1. The presented method is not used to tackle an outstanding problem but only to refine previous analyses.
2. A performance comparison between the proposed algorithm and previous schemes (PS and LBO) is missing. Although, this might be redundant given the recent work by the authors (arXiv:2011.07412).

Report

The authors present a novel approach to the numerical solution of low-dimensional quantum many-body problems with a large on-site Hilbert space, as appearing, e.g., in bosonic systems. A naive implementation of DMRG based approaches in such problems has a prohibitively large computational cost that renders the computation impractical. Several past schemes have been suggested to tackle this problem (e.g. PS and LBO). The current progress is achieved by introducing auxiliary degrees of freedom that restore the global U(1) symmetry in an extended Hilbert space. This in turn results in an efficient scheme that can be implemented quite straightforwardly by extending standard MPS codes. The authors make a connection to the LBO approach and flag possible improvements (although not explicitly proven).
Overall, the paper is very clearly written and presents a creative solution to an important numerical problem. For this reason, I believe that the paper meets the acceptance criteria of SciPost and deserves publication.
My only substantial comment is that the proposed method is not used to tackle an outstanding problem.

Requested changes

1. I suggest to move Section 6.2 to the appendices since no concrete calculation is presented.
2. A small typo - Above Eq. 23 I believe that "Hamilton" should be "Hamiltonian"

  • validity: high
  • significance: good
  • originality: high
  • clarity: high
  • formatting: excellent
  • grammar: excellent

Author:  Sebastian Paeckel  on 2021-01-14  [id 1153]

(in reply to Report 2 on 2020-12-17)

We thank the referee for her/his positive report on our manuscript and the presented method.
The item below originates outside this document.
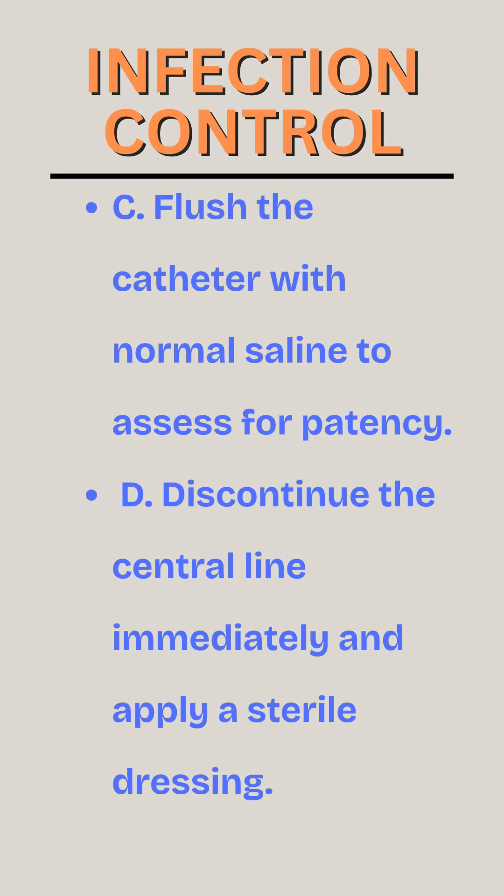C. Flush the catheter with normal saline to assess for patency. D. Discontinue the central line immediately and apply a sterile dressing.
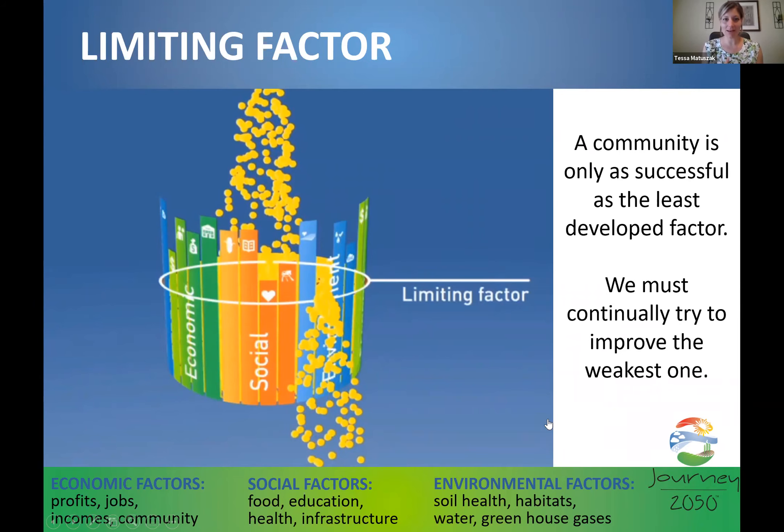The sustainability barrel is our image to convey what we're trying to focus on — the important factors of sustainability defined as economic, social, and environmental. These three things navigate us through our journey to the year 2050 in the game, and this is also how the score is calculated in the virtual simulation while kids are farming. We're only as successful as a community as our lowest limiting factor, so we continually try to raise that lowest factor.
We also completely agree with the referee pointing out that our method needs to prove its capability of being able to treat an outstanding problem that could not be dealt with before. However, we believe that in order to exploit the methods capabilities and identify problems to whom it can be applied successfully, at first it is important to understand the theoretical foundations as far as they are accessible to a straightforward analysis. Thus, the main purpose of this manuscript is to present the method with all its technical details and in particular discuss the theoretical implications on the MPS representation and the numerical properties, using projected purified states and operators. Owing to the already very large extend of our discussions we decided to postpone numerically and physically more involved simulations to future work, such as putting the method into the context of current state-of-the-art methods, which we have done in a follow-up study (https://arxiv.org/abs/2011.07412), as already mentioned by the referee.

Report #1 by Anonymous (Referee 4) on 2020-12-14 (Invited Report)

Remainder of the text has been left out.